• **Pictures with short captions**
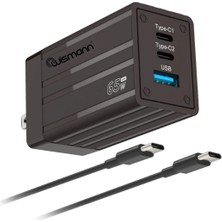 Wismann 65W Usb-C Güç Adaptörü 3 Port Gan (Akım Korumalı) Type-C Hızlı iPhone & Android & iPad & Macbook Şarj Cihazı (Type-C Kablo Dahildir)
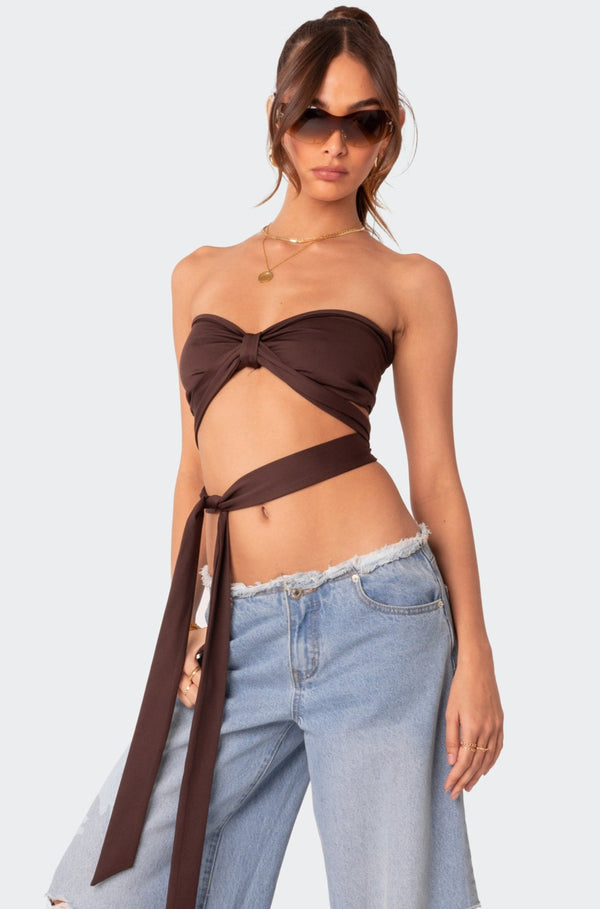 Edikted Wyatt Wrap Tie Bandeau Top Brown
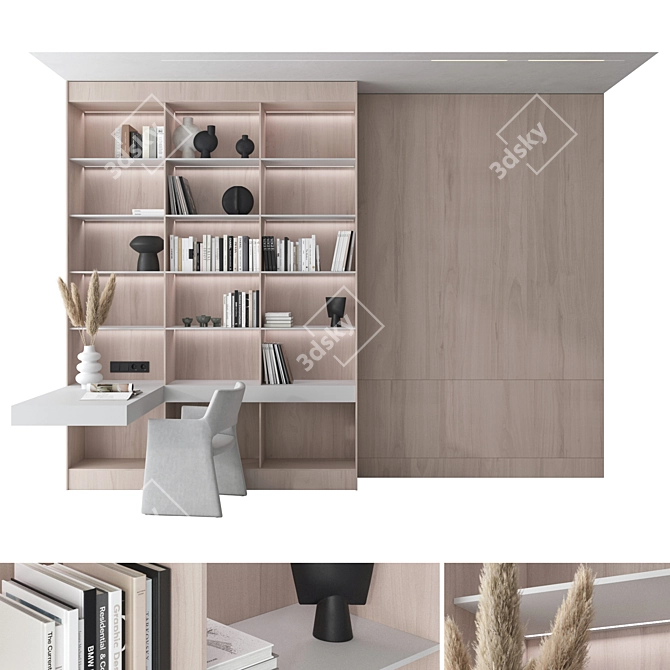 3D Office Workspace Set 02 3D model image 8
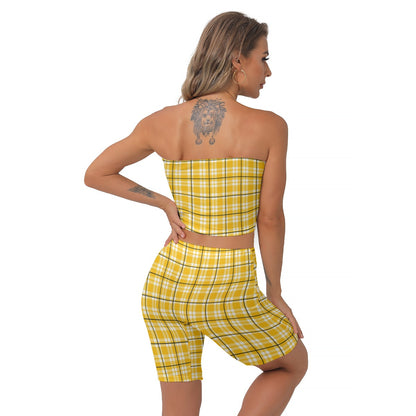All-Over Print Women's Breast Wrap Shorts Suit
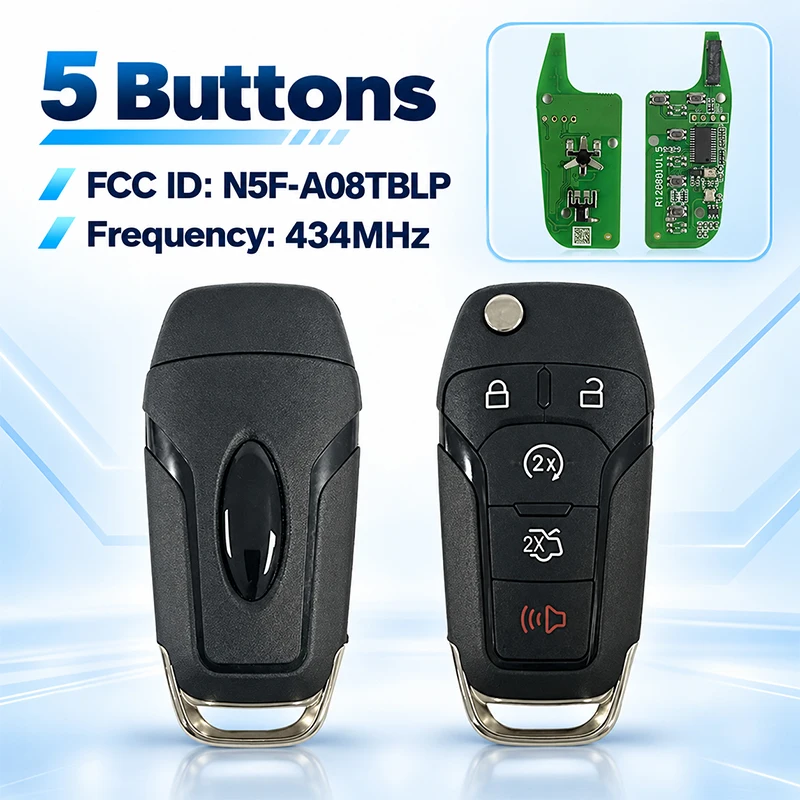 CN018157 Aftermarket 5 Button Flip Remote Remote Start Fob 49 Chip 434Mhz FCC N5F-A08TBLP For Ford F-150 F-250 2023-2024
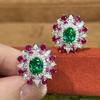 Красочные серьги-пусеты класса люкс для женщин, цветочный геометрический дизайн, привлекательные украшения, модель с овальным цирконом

• **Directions**
Repeat the records above exactly, from the first line through the line that contains "CN018157 Aftermarket 5", and leave out the pictures.

• **Exercise response**
 Wismann 65W Usb-C Güç Adaptörü 3 Port Gan (Akım Korumalı) Type-C Hızlı iPhone & Android & iPad & Macbook Şarj Cihazı (Type-C Kablo Dahildir)
 Edikted Wyatt Wrap Tie Bandeau Top Brown
 3D Office Workspace Set 02 3D model image 8
All-Over Print Women's Breast Wrap Shorts Suit
 CN018157 Aftermarket 5 Button Flip Remote Remote Start Fob 49 Chip 434Mhz FCC N5F-A08TBLP For Ford F-150 F-250 2023-2024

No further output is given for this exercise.